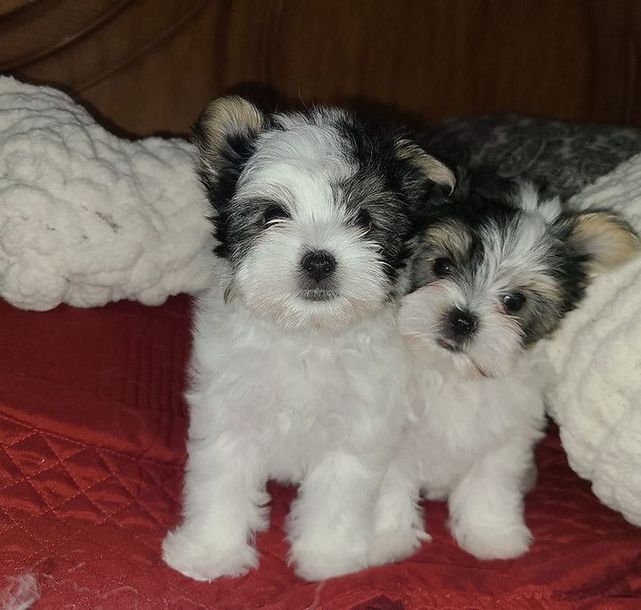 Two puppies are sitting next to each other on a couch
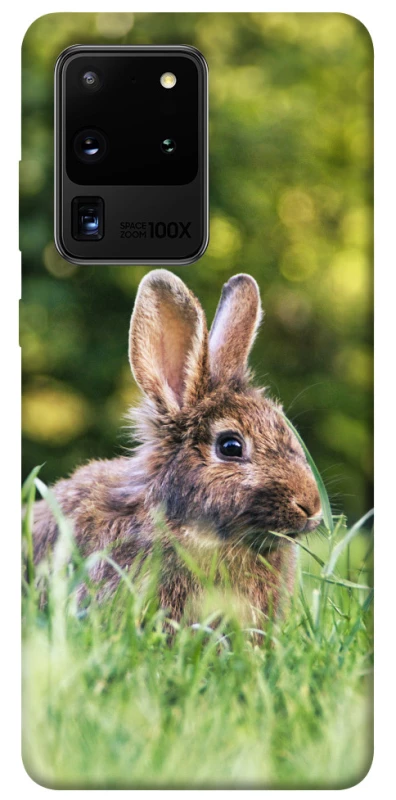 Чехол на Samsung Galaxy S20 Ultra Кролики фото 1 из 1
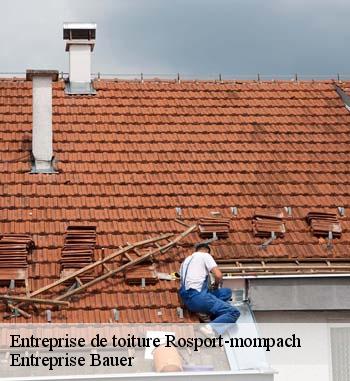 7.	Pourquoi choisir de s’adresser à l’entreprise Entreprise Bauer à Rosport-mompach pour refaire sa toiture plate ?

...

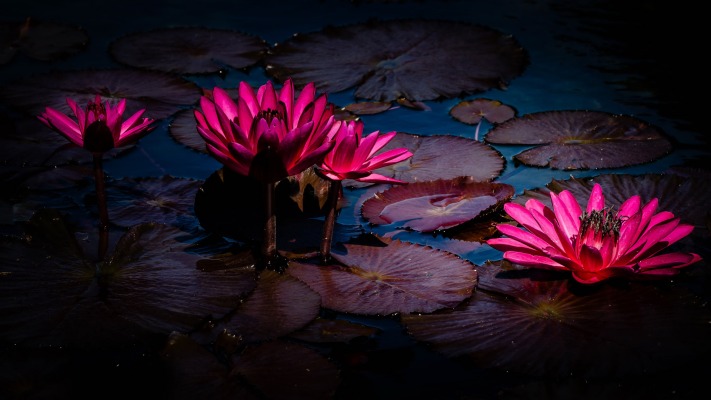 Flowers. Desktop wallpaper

==

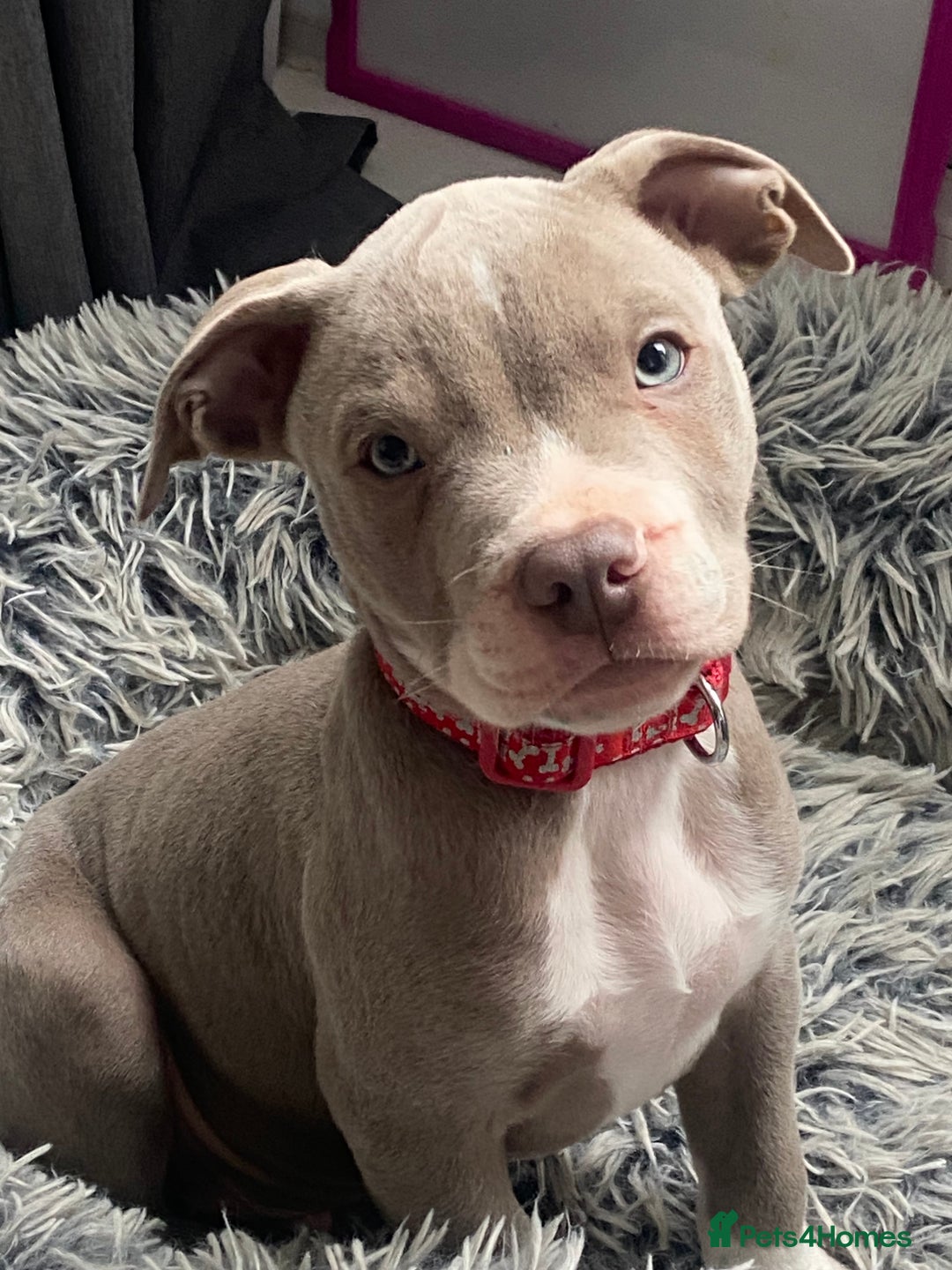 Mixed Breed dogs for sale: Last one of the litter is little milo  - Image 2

• [EXERCISE BRIEF]: Copy exactly the lines of the entries above from the one containing "Two puppies are" through the one containing "sa toiture plate ?". Both end lines count; pictures do not.

• [ANSWER TO THIS TASK]:
 Two puppies are sitting next to each other on a couch
 Чехол на Samsung Galaxy S20 Ultra Кролики фото 1 из 1
 7.	Pourquoi choisir de s’adresser à l’entreprise Entreprise Bauer à Rosport-mompach pour refaire sa toiture plate ?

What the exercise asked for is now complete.